The drafters of the Bill need to go back to the drawing board and start from the point of view that they are giving greater effect to GDPR rights. Some of these conflicts I have pointed out have already been highlighted. First, the material scope is too narrow and granular. The proposed age limit conflicts with GDPR as there is no age limit on exercising those rights. The proposed fee in head 3 is in conflict with GDPR because there is a right of access free of charge. The mandatory information session is a restriction on the right of access under GDPR. The requirement to give medical information to a medical practitioner is also a restriction. In fact, there is no reference in GDPR to medical information. The correct terminology is "health information". While the non-disclosure aspect of head 13(4) is well intentioned, it will inevitably be interpreted as displacing the right of access. The restrictions are not being applied correctly, particularly the restriction in head 40, which is a kind of catch-all restriction and is completely outside the way such things are supposed to be done under GDPR.

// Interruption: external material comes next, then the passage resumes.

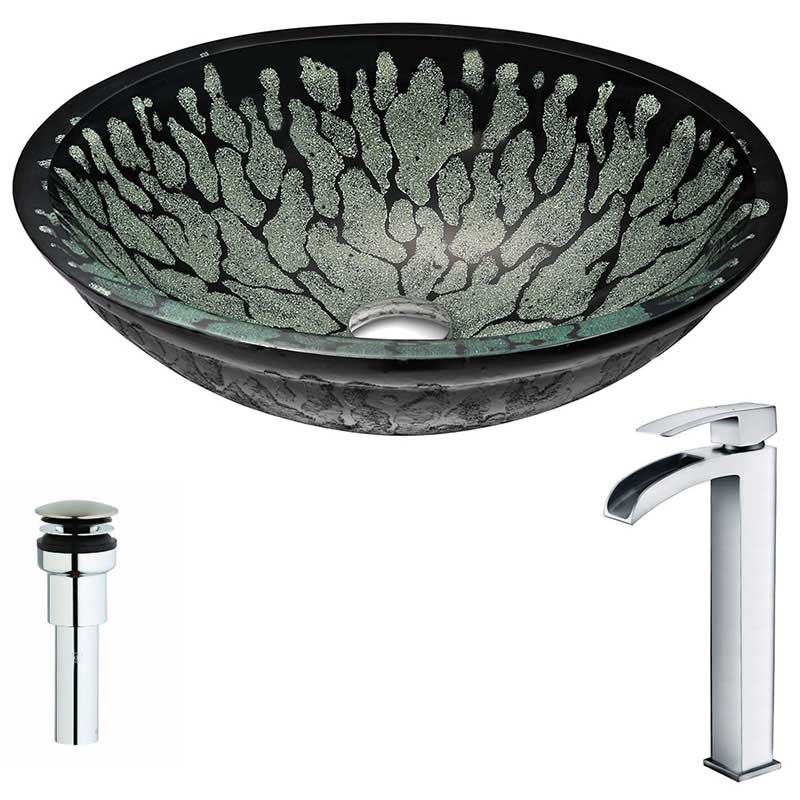 Anzzi Bravo Series Deco-Glass Vessel Sink in Lustrous Black with Key Faucet in Polished Chrome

The European Data Protection Board has produced very good guidance on restrictions of rights under Article 23 of the GDPR so I suggest the drafters read that. The attempt to restrict the right of compensation is completely incompatible with GDPR. I am stunned that anyone decided to put that in the heads of a Bill because it is so obviously unlawful. Where there are new registers or new information created as part of the tracing system, there will be a right of access to that as well. To avoid all the issues we are seeing, there should be express provisions for the right of access and if there are to be restrictions on it, they have to be set down in the legislation and they have to meet the requirements of Article 23.

Finally, I do not think the Adoption Authority of Ireland or Tusla should be allowed make guidelines that regulate their obligations as data controllers. There are obvious conflicts of interest there. All substantive provisions must be in the legislation. There should not be substantive provisions in guidelines and if there are to be guidelines they should be adopted by the Minister and not by any of the agencies or other bodies that have to give effect to the rights of access. I thank the committee for allowing me to make this opening statement.